Depth allows Pirates to build toward future
Published 12:25 pm Friday, July 21, 2017
GREENVILLE — Kickoff in Dowdy-Ficklen Stadium is six Saturdays away.
This upcoming football season is going to be an important one for East Carolina and second-year coach Scottie Montgomery. The head Pirate, who came over from Duke to begin his head-coaching career in Greenville, posted a 3-9 record in his first season with ECU.
Fans are clamoring for more success this season. Despite a grueling schedule that features non-conference matchups with Brigham Young, Virginia Tech and even reigning FCS champion James Madison in the opener, everyone wants to see noted improvement from last year to this year.
No one wants to see the Pirates collect more wins this year than Montgomery himself. He’s also looking down the road at what he can build ECU into a few seasons from now.
Montgomery has already sent a strong message about what he’s trying to make the program into. He and his staff hit the recruiting trail hard, and it paid off in an output of promising commitments.
“Our assistant coaches have done everything in the world in recruiting for the last eight or nine months, and especially in the last five months since we’ve added some new people in recruiting,” Montgomery said. “Once they get (the recruits) here, I think it’s easy. We have our campus. We have our school. We have the greatest fan base in the country. We have unbelievable facilities that are growing.”
It will be a few years before many of those commits or even the incoming freshman class are relied upon on the field. That’s because of the depth ECU has almost across the board. Montgomery said that, despite losing the NCAA’s most prolific pass catcher in Zay Jones, the Pirate receiving corps should be deeper than it was in 2016.
ECU has earned a reputation for churning out professional-level wide receivers. Depth at that position is expected. The Pirates have added depth where there wasn’t, too. The defensive line has another year under its belt. Upperclassmen like
“Twelve months, six months, it makes a huge difference.
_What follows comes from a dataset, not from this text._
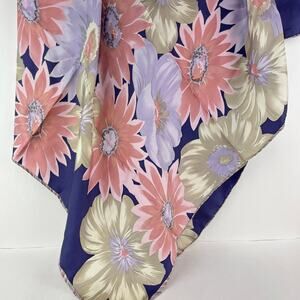 Jones New York Muted Pink Purple Floral 34in Square Scarf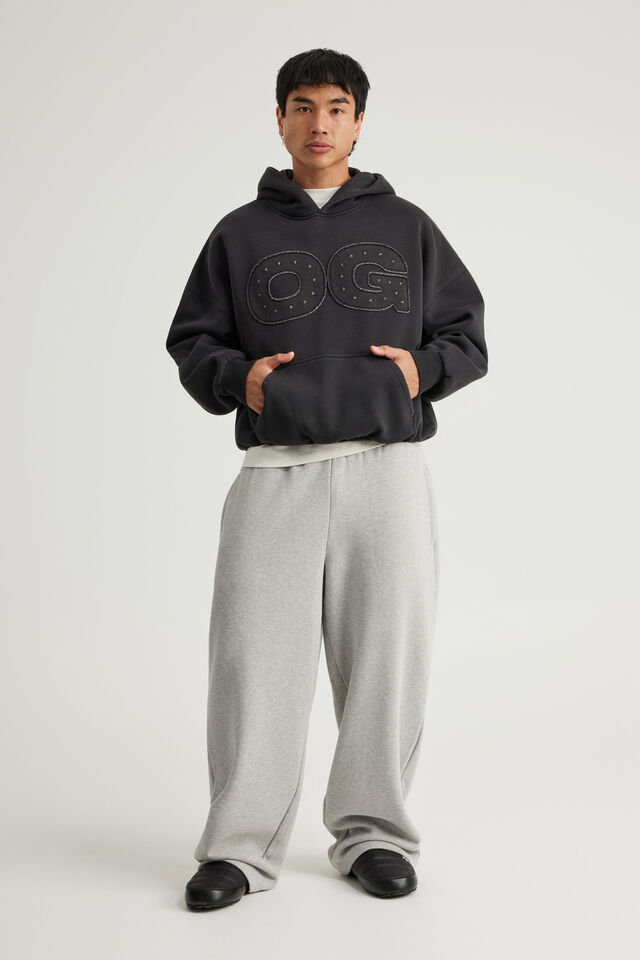 Open Gallery Hoodie, OG WASHED BLACK/STUDS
That’s what we had to have,” Montgomery said. “I felt bad at times. We were playing five guys on our defensive front. Everybody else was playing 11 and 12. Then you turn on the tape and wonder why guys are not playing at the highest level in the fourth quarter. It’s because they’ve just been banged out.”
Montgomery added that it was a problem that didn’t manifest until the middle portion of the season. Those few guys that were asked to shoulder much of the load up front were strong and healthy to open the season. It’s what allowed ECU to beat a good North Carolina State team. Those linemen ended up getting ground down by the time the American Athletic Conference schedule was in full swing.
Switching to a 4-2-5 defensive scheme has created depth at linebacker, too. Senior Jordan Williams will see a lot of the field this season, but there are plenty of other linebackers that ECU can cycle into the two-man rotation.
Some of the additions that created depth, especially on the front, have been graduate transfers. It’s a quick fix, but it lets younger players like eastern North Carolina products in Kendall Futrell (South Central), Raequan Purvis (Plymouth) and Jalen Price (Riverside) mature.
“My biggest thing I wanted to do at that position was to add length, girth, but also a lot of depth and playmakers,” Montgomery said. “I also wanted to add some age. I think we’ve got a good core, young group of guys coming in behind these guys.”
Winning cures all problems. It’s reasonable to expect that ECU takes a step forward this fall. It might only be another win or two, and a bowl game is going to be a tough task considering the schedule.
Even so, the Pirates have their eyes on the future, and Montgomery is building a deep squad that, at this rate, should be able to compete.